On August 7, 2003, my husband deployed to Iraq. On February 8, 2004, he returned safely to San Antonio. Lots of stuff happened in between those dates, both in Iraq and here in San Antonio. He survived the ever-present threat of mortar rounds, suicide bombers, and chow hall food. I survived the stress of just knowing he was in Iraq, while singularly meeting the needs of our three sons and attending to my self-described job of handling everything else. To me, then, my husband's safe return counted as one of those special occasions to truly splurge on a remarkable, yet intimate, celebratory dinner. So I made reservations at Biga on the Banks and was told gluten free would be no problem.

Reservations at any restaurant, when possible, are the best way to help ensure a good gluten-free dining experience as well as preferred seating. On the weeknight that my husband and I dined at Biga, the swirl of other couples and groups engrossed in their own dining occasion kept the place in constant motion. Yet, ensconced as we were by a flowing gauzy curtain at a semi-private table, it felt as if we had the place to ourselves. And with dusk gathering gently around the slowly shifting waters of the River Walk below, I knew this was the perfect choice for our reunion dinner.

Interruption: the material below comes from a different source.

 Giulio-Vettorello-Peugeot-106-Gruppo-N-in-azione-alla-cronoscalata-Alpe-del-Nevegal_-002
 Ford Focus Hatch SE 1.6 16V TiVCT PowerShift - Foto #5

That thought was reaffirmed when our server, Gigi, informed me which menu selections could and could not be prepared gluten free (only two of the main course items could not). She further explained that chef and owner Bruce Auden changed the menu daily according to the season and the availability of fresh ingredients. It's a sure thing, though, that the food will be prepared in a manner that's been described as elegant, bold, and contemporary.

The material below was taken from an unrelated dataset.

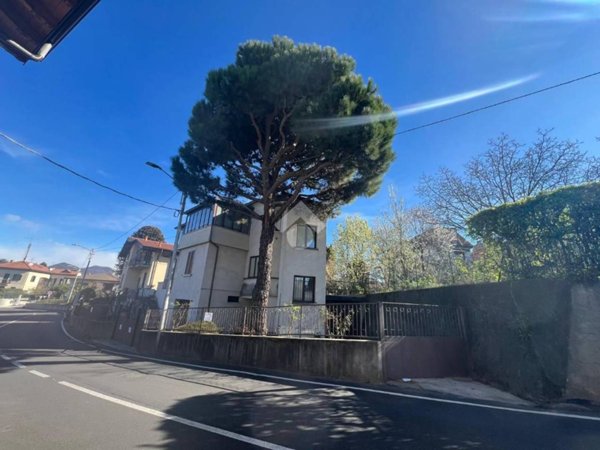 casa indipendente in vendita a Varese in zona Viale Belforte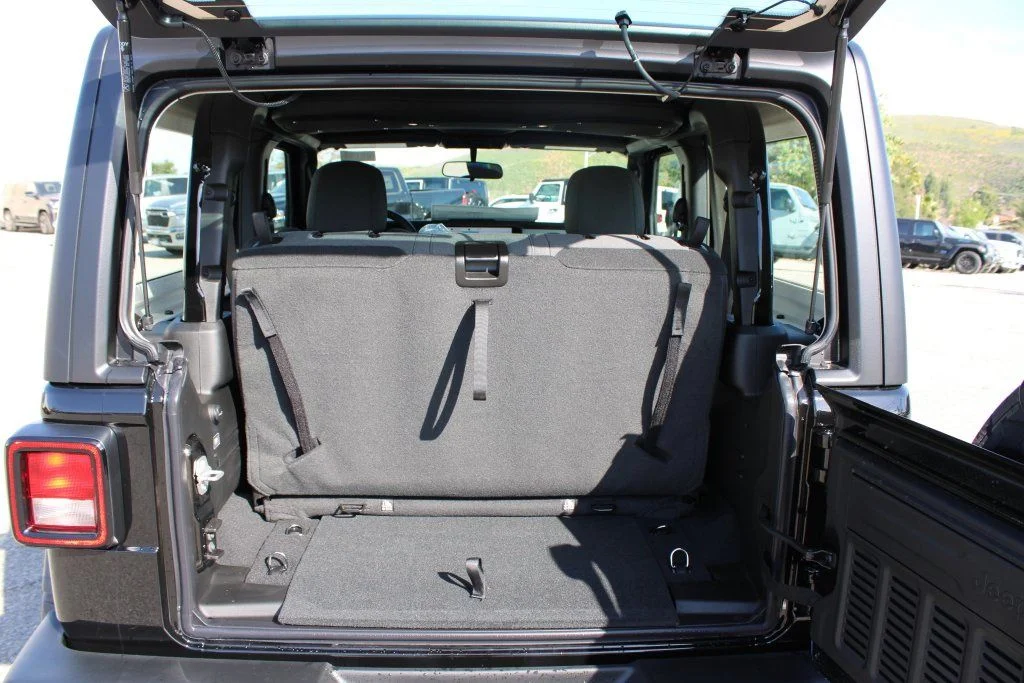 New 2026 Black Clear-Coat Exterior Paint Jeep Sport image 27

Voted one of the “top five restaurants in Texas” by Gourmet Magazine, and a James Beard Award Nominee in 2001, 2002, and 2003, Biga on the Banks will not disappoint the gastronome. Nor will it intimidate the amateur connoisseur of good food and drink, such as myself. Taking Gigi's suggestion, I selected the shrimp appetizer. Normally prepared as a tempura, the chef instead grilled the heavily peppered shrimp and then served them on a cooling bed of plain rice noodles tossed with sweet juicy watermelon and a splash of chili sauce. As a main course, I selected lamb shank. It was supposed to be served with a side of gnocchi, a dumpling made of flour, semolina, or potatoes, but for me, the lamb was placed atop a creamy pool of garlic-mashed potatoes and accented with crisply steamed greens. I tried to eat it all but just couldn't, since I knew that an exquisite gluten-free chocolate dessert had been specially prepared for me (the benefits of the reservation!). My non-celiac husband equally enjoyed his meal of corn chowder, veal chop, and the restaurant's signature sticky toffee pudding. Still, he'd rather not have to endure another six months in Iraq before we treat ourselves to such a fine dining experience again!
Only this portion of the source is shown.